Mais avant ses réalisations construites, Melvin Charney est d'abord un grand observateur de la ville. «Chaque moment où j'existe, j'observe», dit l'architecte et artiste. Pas étonnant, alors, qu'il se soit initié à la photographie dès son plus jeune âge. Avec son appareil photo, le petit Melvin a arpenté le Vieux-Montréal à l'époque où il était triste et abandonné, ainsi que le canal de Lachine et les rues de Manhattan. Dans le livre qui lui est consacré, on trouve même un cliché de son père et lui à New York, lorsqu'il était âgé de 12 ans. «Mon père était peintre, mais il a dû travailler toute sa vie, raconte Charney. Il ne pouvait pas vivre de son art.»

Politisé, Melvin Charney a aussi ramassé des coupures de journaux de la presse internationale pendant 35 ans. Traitant du Vietnam, du Rwanda ou du Stade olympique, tous les extraits ont en commun d'en révéler un peu sur nos villes. Les centaines de bouts de papier, soigneusement classés en thèmes et regroupés sous le nom UN DICTIONNAIRE..., ont d'ailleurs été exposés à la Biennale de Venise en 2000.

C'est à partir de cette collection de coupures de journaux, ainsi que de ses photos personnelles, que Melvin Charney a réalisé une série de photographies peintes à compter de 1990. Par-dessus la photo originale, il superpose à la manière d'un collage des illustrations qu'il dessine, le plus souvent dans des teintes de rouge et bleu vif. On devine une fine critique de la ville derrière ces grands traits de pastel, notamment avec ces gratte-ciel munis de pattes qui s'enfuient à toutes jambes.

Ces oeuvres sont regroupées dans un livre, The Painted Photographs of Melvin Charney, lui-même créé à partir d'une exposition ayant eu lieu à New York en 2008. Si l'ouvrage en soi est agréable à feuilleter, l'essentiel du contenu risque de s'avérer trop pointu pour le grand public.

Vivre à Montréal aujourd'hui

Après avoir étudié et travaillé à l'étranger, Melvin Charney est revenu au Québec depuis plusieurs années.

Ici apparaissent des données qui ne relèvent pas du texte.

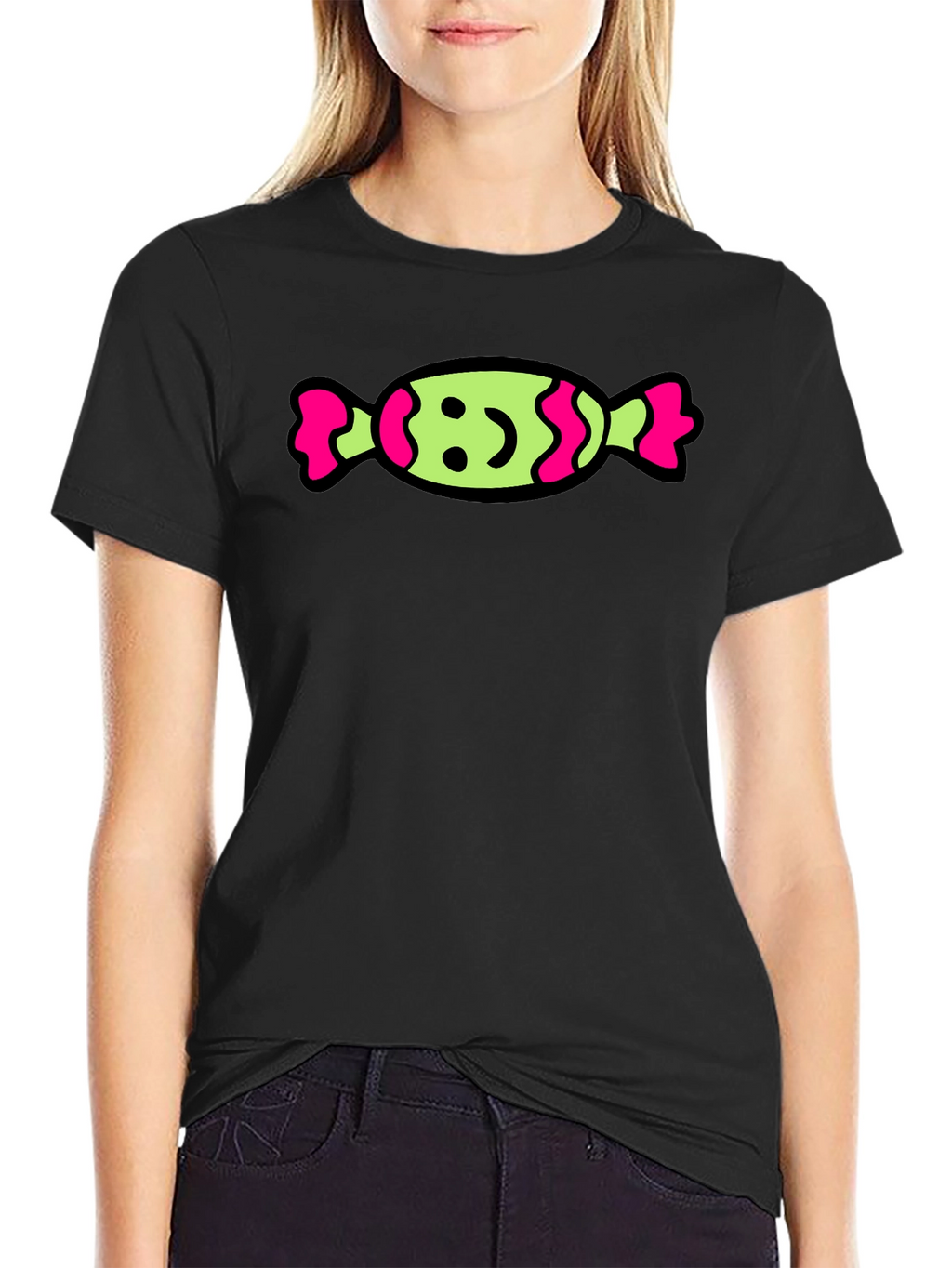 Candy Graphic T-Shirt - Fun & Playful Design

Il croit que Montréal possède certaines qualités dont d'autres villes sont dépourvues. «Toutes les maisons ont des numéros, dit-il en regardant par la fenêtre. Il y a un escalier pour chaque logement. Ce n'est pas comme ça dans toutes les autres villes.»

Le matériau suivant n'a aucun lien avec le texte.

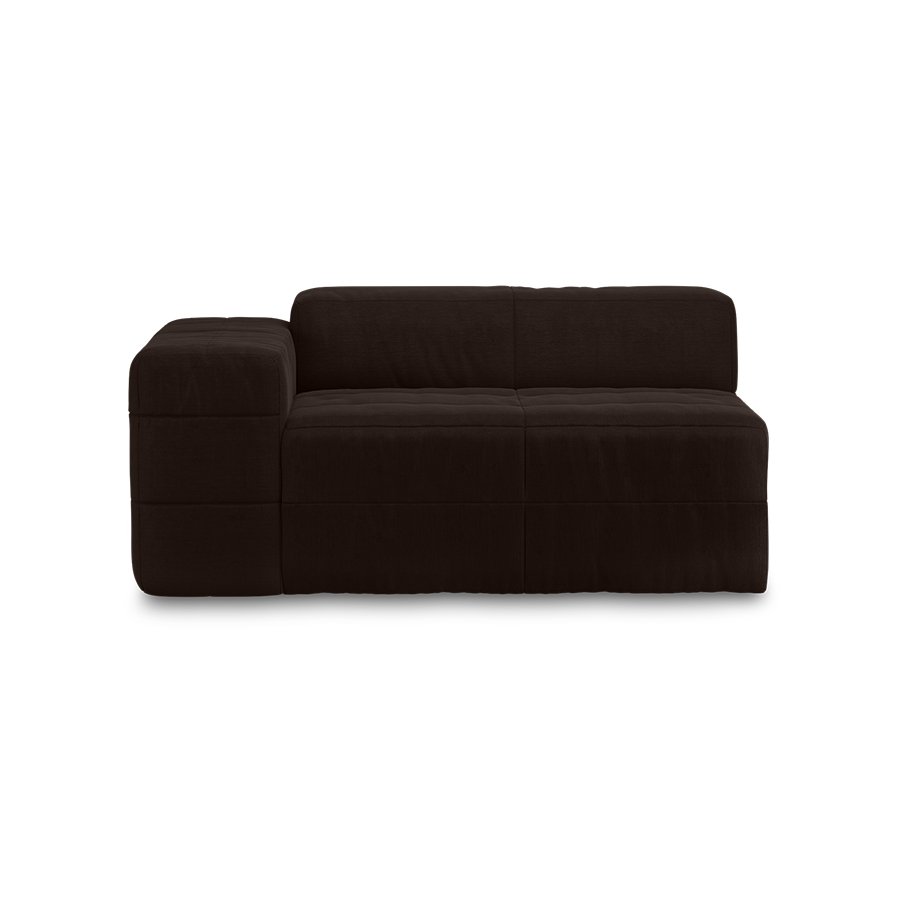 Brut sofa: element left, royal velvet, espresso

Melvin Charney, qui est aussi l'oncle de Dov Charney, fondateur des magasins American Apparel, a une sacrée feuille de route derrière lui. «On disait jusqu'à tout récemment que l'art de l'architecture est l'art des vieux hommes, parce que le métier est long à apprendre», dit Melvin Charney. Lui, en tout cas, en a long à apprendre aux architectes de la jeune génération.

 

Les maisons de la discorde

Le livre aborde aussi un projet phare de Melvin Charney, Les maisons de la rue Sherbrooke. Le projet a été créé dans le cadre d'une exposition temporaire le long de la rue Sherbrooke, Corridart, pour souligner l'ouverture des Jeux olympiques de 1976 à Montréal. L'intervention de Melvin Charney, angle Saint-Urbain et Sherbrooke (où se dresse maintenant le nouveau pavillon de l'UQAM), était constituée d'une façade temporaire qui «réparait» le vide laissé par la destruction sauvage de bâtiments historiques dans les années 60. L'installation a toutefois été démolie avant même le début des Jeux olympiques par l'administration Drapeau, qui y voyait un geste politique. L'incident a fait couler beaucoup d'encre, même en dehors de nos frontières.